What is a Celebrity Endorsement Agreement (“CEA”)?
Typically, a CEA refers to an agreement in which a celebrity consents to promote a company’s products or services in consideration of specified payments.[ii] Parties negotiating CEAs have to ensure that they do not fall afoul of the various advertising, media, entertainment, intellectual property and consumer protection laws governing such agreements.
What are the safeguards that companies must have in place when negotiating CEAs?
No two CEAs are identical and an infinite variety of issues can crop up in hammering out such agreements. We have spotlighted 10 essential safeguards here that companies must adopt while negotiating CEAs with celebrities:[iii]
- Define the scope of the endorsement intricately:
It is imperative for parties to spell out the brand for which the endorsement is contemplated, the territory in which the endorsement will operate and the period for which the endorsement will last in the CEA. Even more crucially, the list of endorsed products has to be fleshed out carefully and it is quite common for parties to wrangle on this point. This is because a CEA usually contains “exclusivity” clauses which prohibit the celebrity from advertising products belonging to the company’s competitors or products which are similar to the endorsed products, during the term of the CEA. Expectedly, celebrities benefit from narrowing down the scope of the endorsed products in the CEA, so that they are free to take on a higher number of endorsements from other companies. By contrast, it works to the company’s advantage to define the endorsed products list as widely as possible, in order to cover new categories of products that the company may introduce during the term of the CEA.
Caution must be exercised by the company, however, in ensuring that the message underlying the endorsed product does not stand at odds with the public persona of the celebrity. A recent fast-food chain’s advertisement is a case in point. The advertisement featured an Indian actress relishing a non-vegetarian burger and faced tremendous backlash for being hypocritical, after social media users pointed out her past claims of being vegetarian. It is thus critical for companies to avoid such misalignments, by vetting celebrity profiles thoroughly before engaging them as brand ambassadors.

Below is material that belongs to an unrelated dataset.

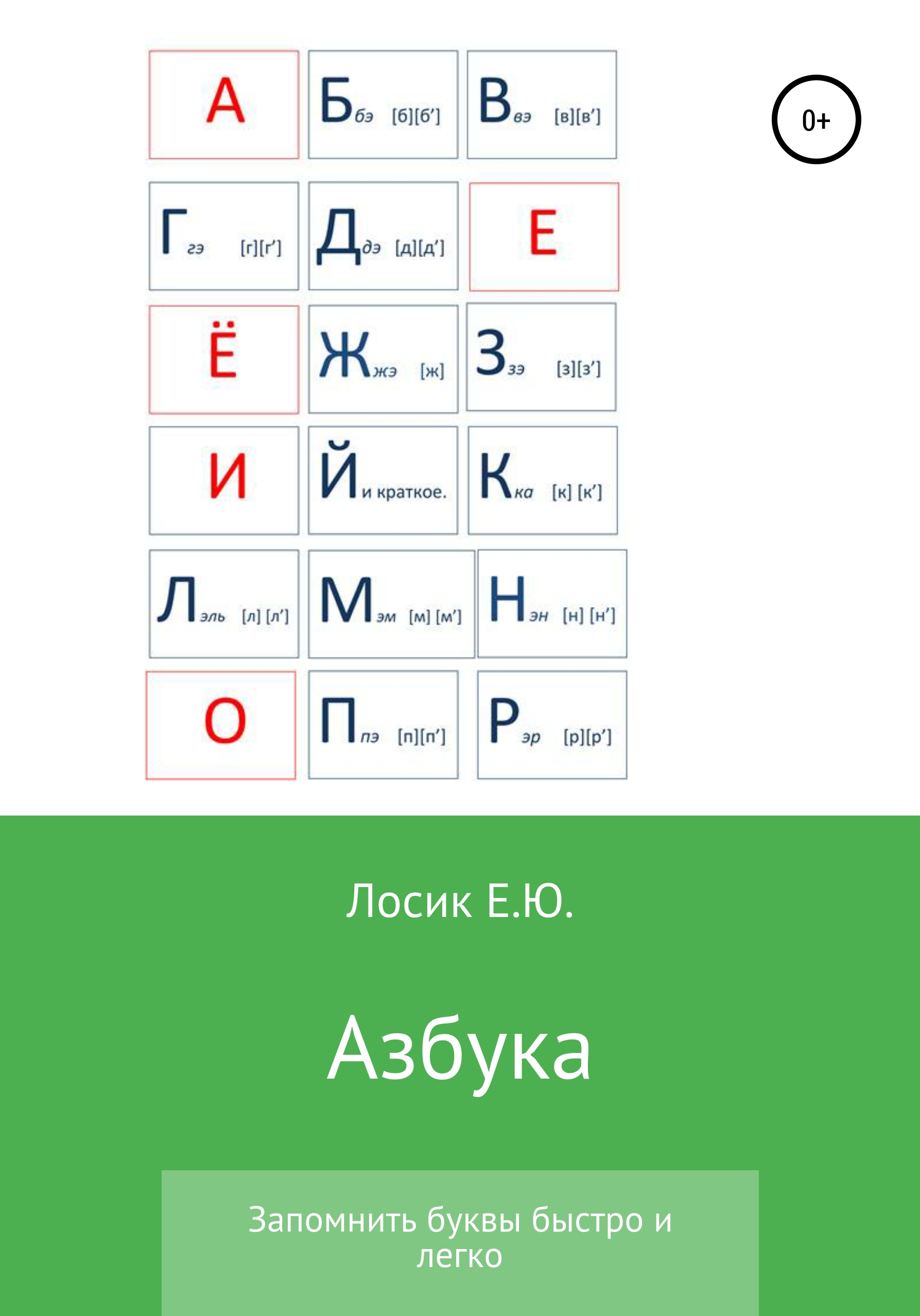 Обложка книги «Азбука»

- Vet the celebrity’s exclusions to the scope of endorsement thoroughly:
It is commonplace for celebrities to carve out some exclusions from the scope of the endorsement in CEAs. These exclusions enable a celebrity to carry out certain activities during the course of the CEA, without breaching the agreement. For instance, when a CEA prohibits an actress from advertising the products of the company’s competitors, she may request exclusions in the form of promoting certain charitable activities of the competitors. Such exclusions could also extend to attending shows or performing in movies in which a competitor’s products are featured in the background.
Companies must examine such exclusions thoroughly and ensure that they do not defeat the whole purpose of bringing the endorser onboard. In order to protect their interests, companies typically embed certain conditions in these exclusions to permit passive engagement, while disallowing active engagement, with the competitor’s products. For instance, the company may allow the celebrity to participate in a charitable show in which certain competing products feature in the background, provided the celebrity does not hold or promote the competitor’s products.
- Craft the work schedule of the celebrity in detail:
A CEA generally incorporates a work/services schedule setting out the days, locations and timings at which the celebrity will make herself available for performing the endorsement services. While this may seem like a relatively straightforward exercise, parties tend to argue over the manner of computation of service hours and days. For instance, an actress is required to make herself available for an 8-hours shift per day for 5 days under the CEA, for shooting a brand commercial. Would the 8 hours be inclusive of the time taken for her make-up, hair dressing and travel to the location of the shoot? While the company may prefer to answer such a question in the negative, in order to maximise the time available with the celebrity to conduct the actual shoot, parties often have to reach a middle ground. For example, the company may allow for the inclusion of time spent by the actress in traveling to an international shoot location in the calculation of the service hours under the CEA, while excluding the time spent by the actress for travel to a shoot located in her city of residence.
Moreover, the form of media in which the endorser will appear must also be clarified in the CEA. Beyond traditional television commercials and press conference appearances, companies have lately started insisting on adding social media engagement clauses in CEAs. In such situations, companies should specify the minimum number of posts/content pieces that celebrities are expected to publish on their social media handles during the term of the CEAs.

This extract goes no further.